→ DIRECTIONS FOR THIS TASK
Using the listing below, report all lines holding the word "with".

→ SOURCE RECORDS
__________________________________________________

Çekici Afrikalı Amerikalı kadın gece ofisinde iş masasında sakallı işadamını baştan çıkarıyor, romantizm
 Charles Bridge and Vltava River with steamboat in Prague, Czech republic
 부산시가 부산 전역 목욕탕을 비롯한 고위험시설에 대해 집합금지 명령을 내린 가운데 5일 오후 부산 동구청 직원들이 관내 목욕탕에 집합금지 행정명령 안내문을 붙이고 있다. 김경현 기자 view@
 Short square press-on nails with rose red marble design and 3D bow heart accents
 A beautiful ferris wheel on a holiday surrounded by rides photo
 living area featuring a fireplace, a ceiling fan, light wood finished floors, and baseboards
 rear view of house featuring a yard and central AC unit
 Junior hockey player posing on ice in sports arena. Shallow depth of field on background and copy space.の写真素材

__________________________________________________

→ YOUR RESPONSE
 Charles Bridge and Vltava River with steamboat in Prague, Czech republic
 Short square press-on nails with rose red marble design and 3D bow heart accents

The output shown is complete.